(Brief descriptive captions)

________________

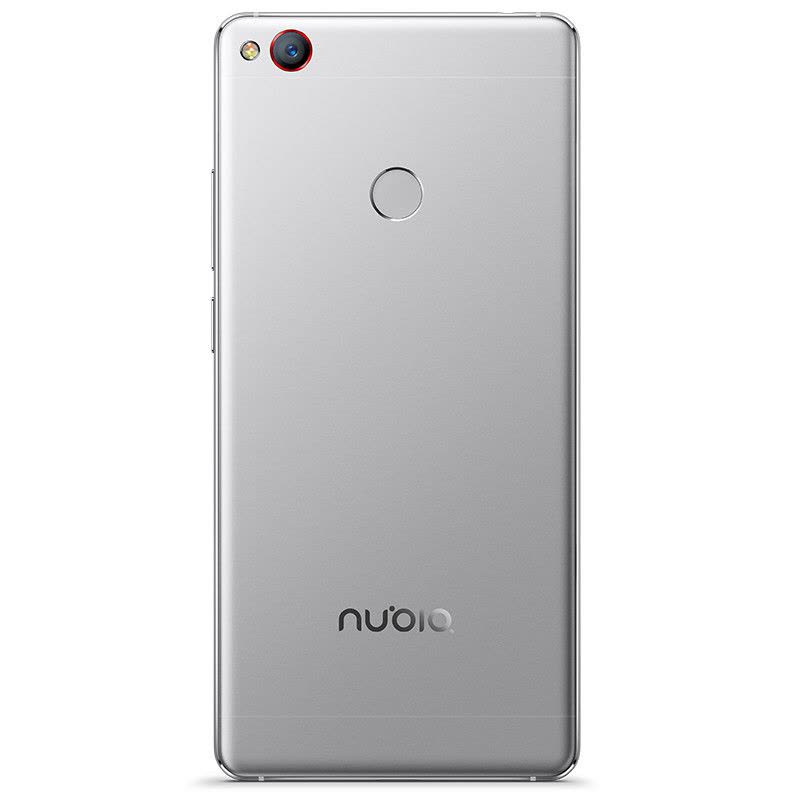 努比亚(nubia)4+64GB Z11皓月银全网通图片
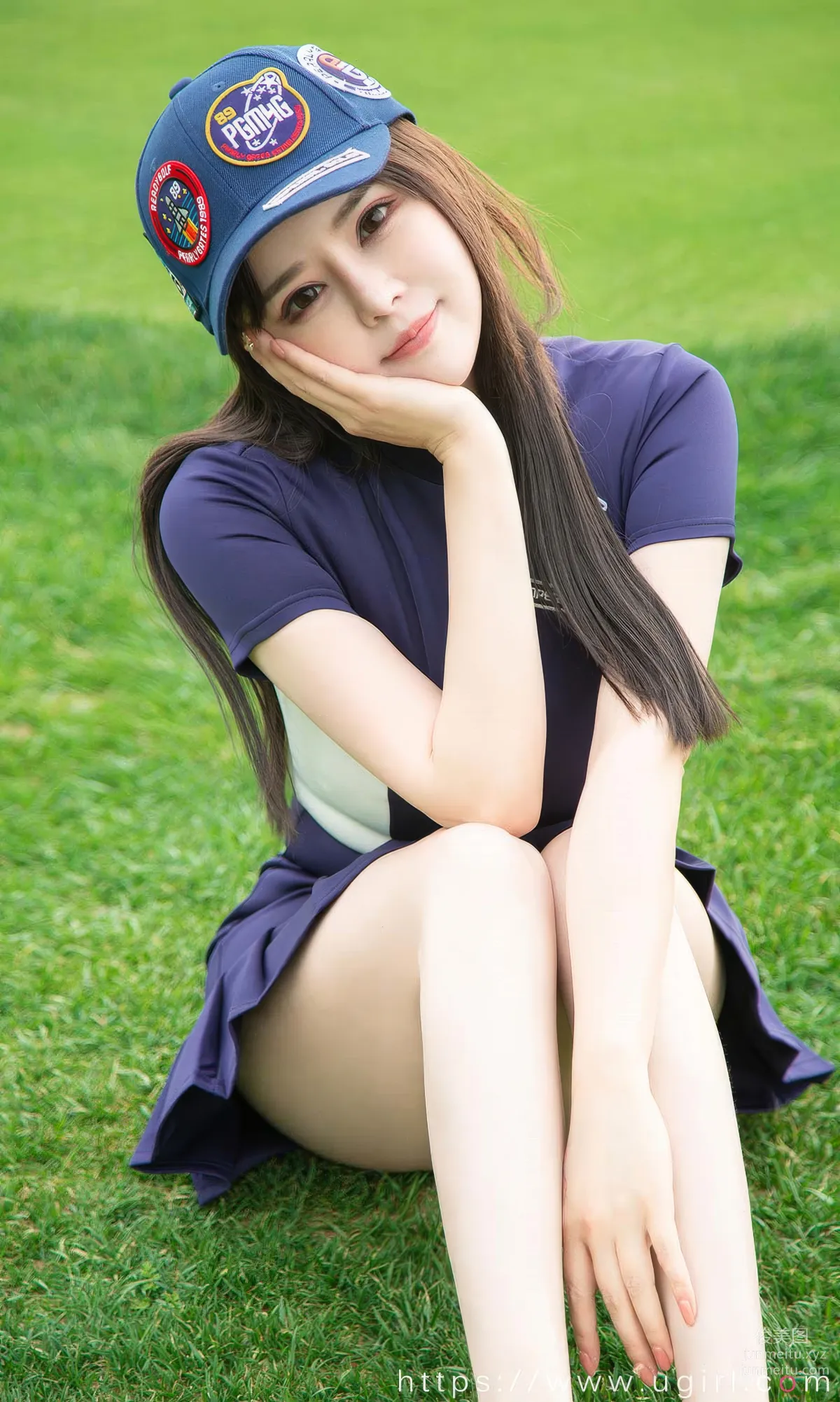 [Ugirls] Ai Youwu No.2932 Sexy Without Losing Standards Jin baby [35P] photo 5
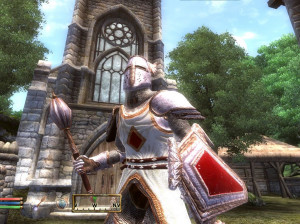The Elder Scrolls IV : Oblivion - Knights of the Nine - PC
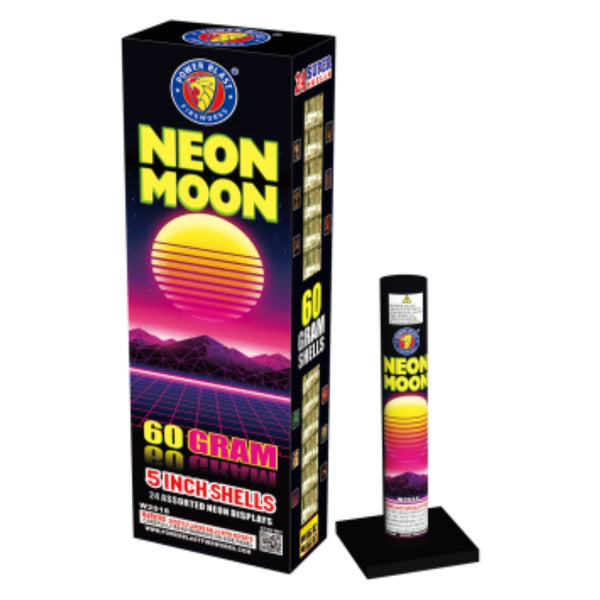 Neon Moon | 24 Break Artillery Shell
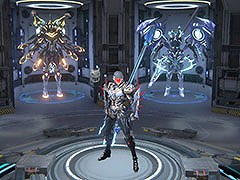 ［CJ2023］自動戦闘を搭載せずプレイヤースキルを重視。スマホ向けMMOアクションRPG「Star Stride」をB2Bブースで見てきた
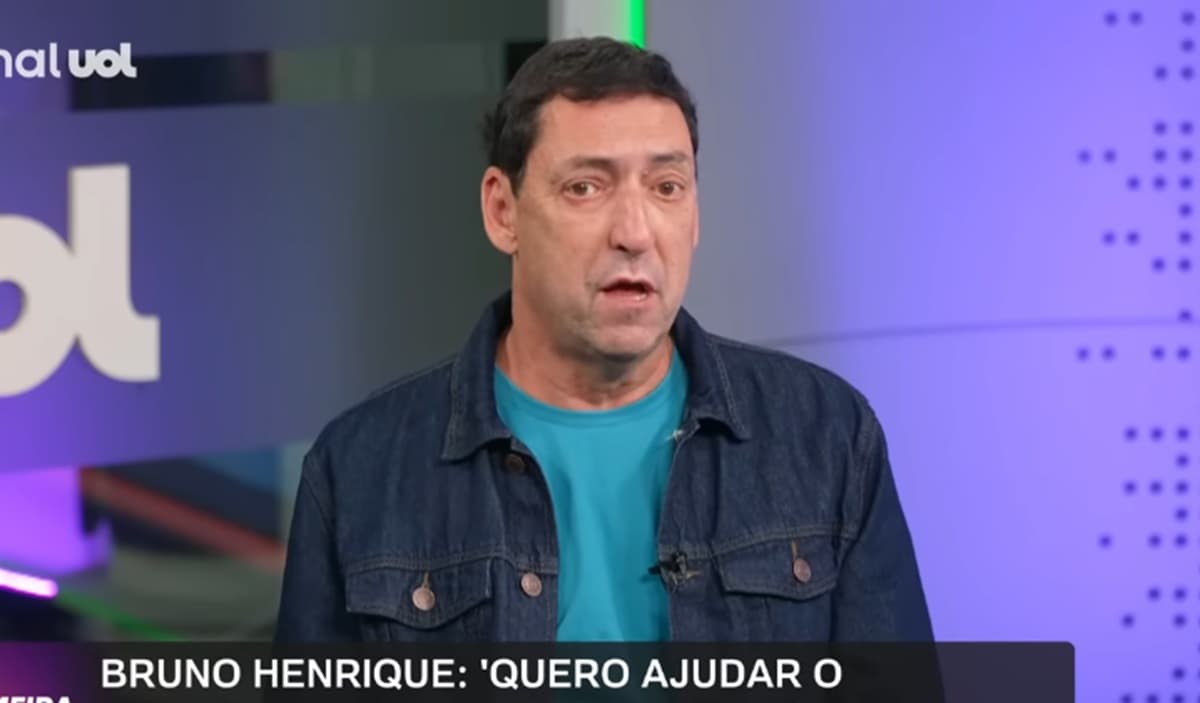 PVC analisa declaração de Bruno Henrique após vitória do Flamengo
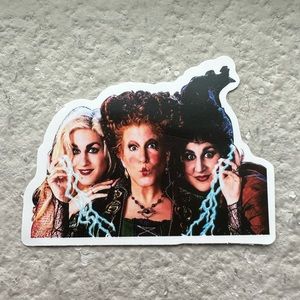 🖤3/$10 Hocus Pocus Stickers🖤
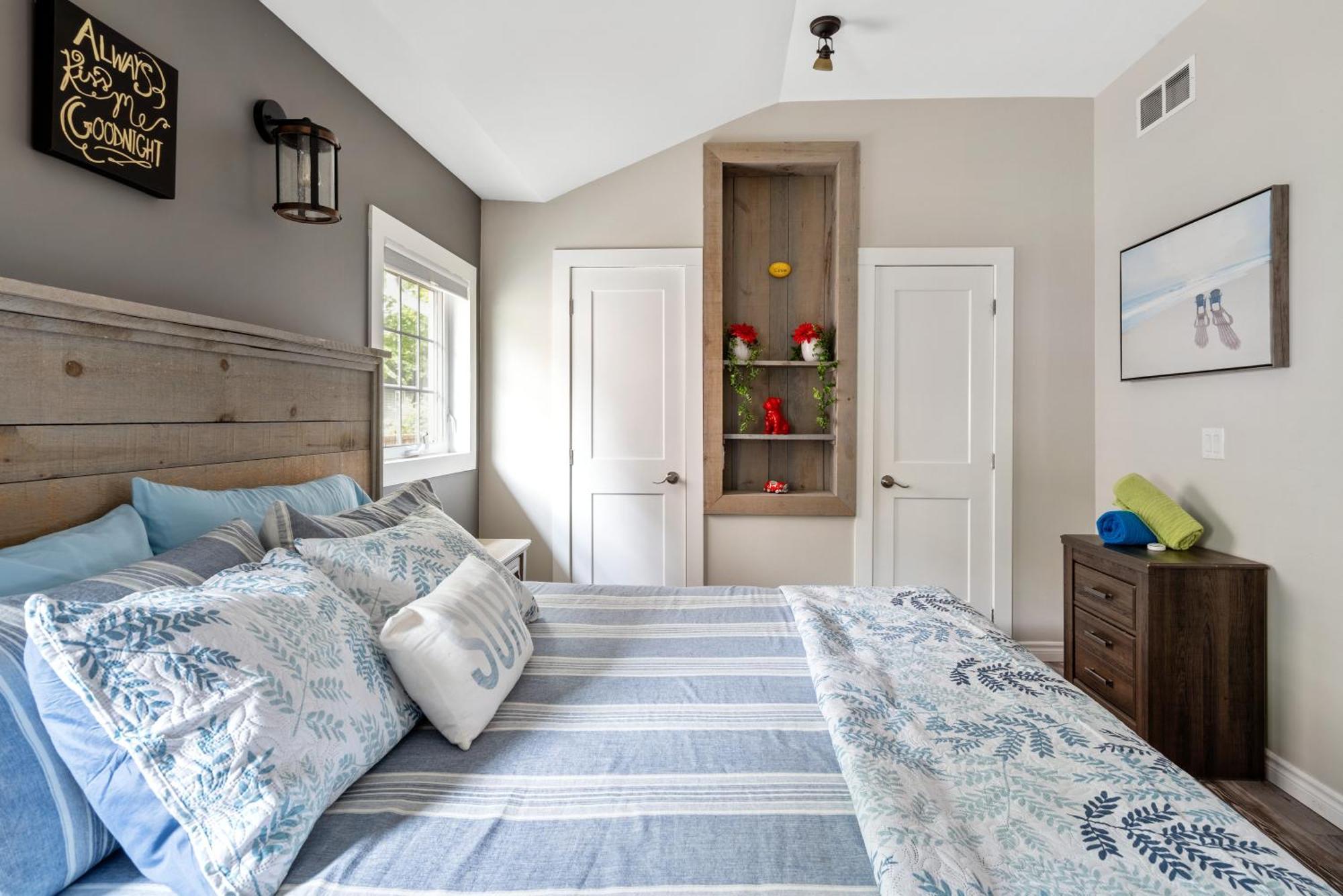 Sandy Cove Cottage كريستال بيتش المظهر الخارجي الصورة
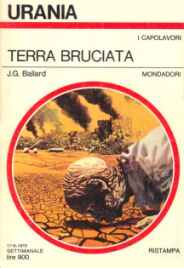 788 - TERRA BRUCIATA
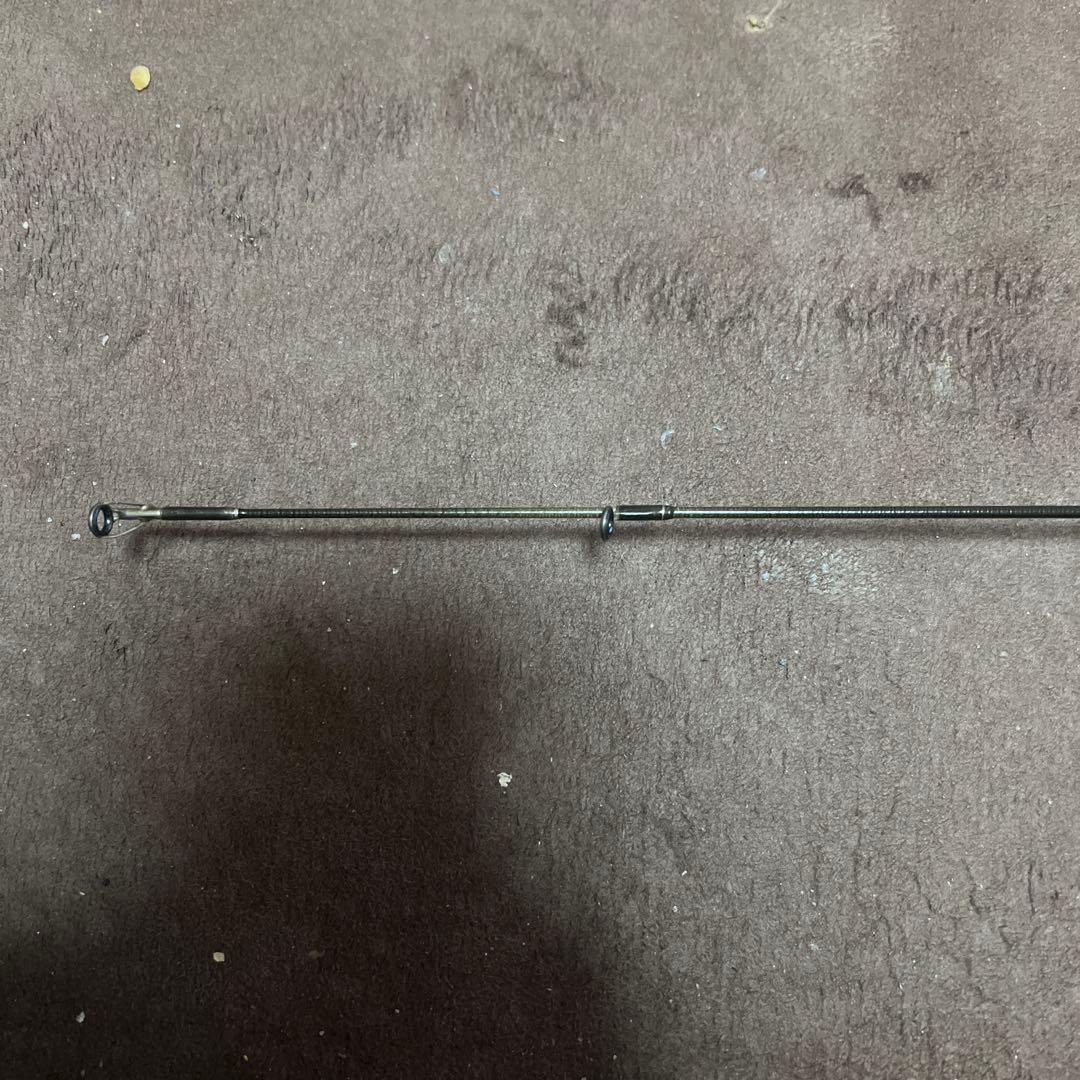 ケ*ン様 バス釣り引退TEAM DAIWA BATTLER バスロッド 1ピース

________________

Copy out exactly the lines between the line that contains "788 - TERRA BRUCIATA" and the last line of the records, both ends included; leave out every picture.

Problem solution:
 788 - TERRA BRUCIATA
 ケ*ン様 バス釣り引退TEAM DAIWA BATTLER バスロッド 1ピース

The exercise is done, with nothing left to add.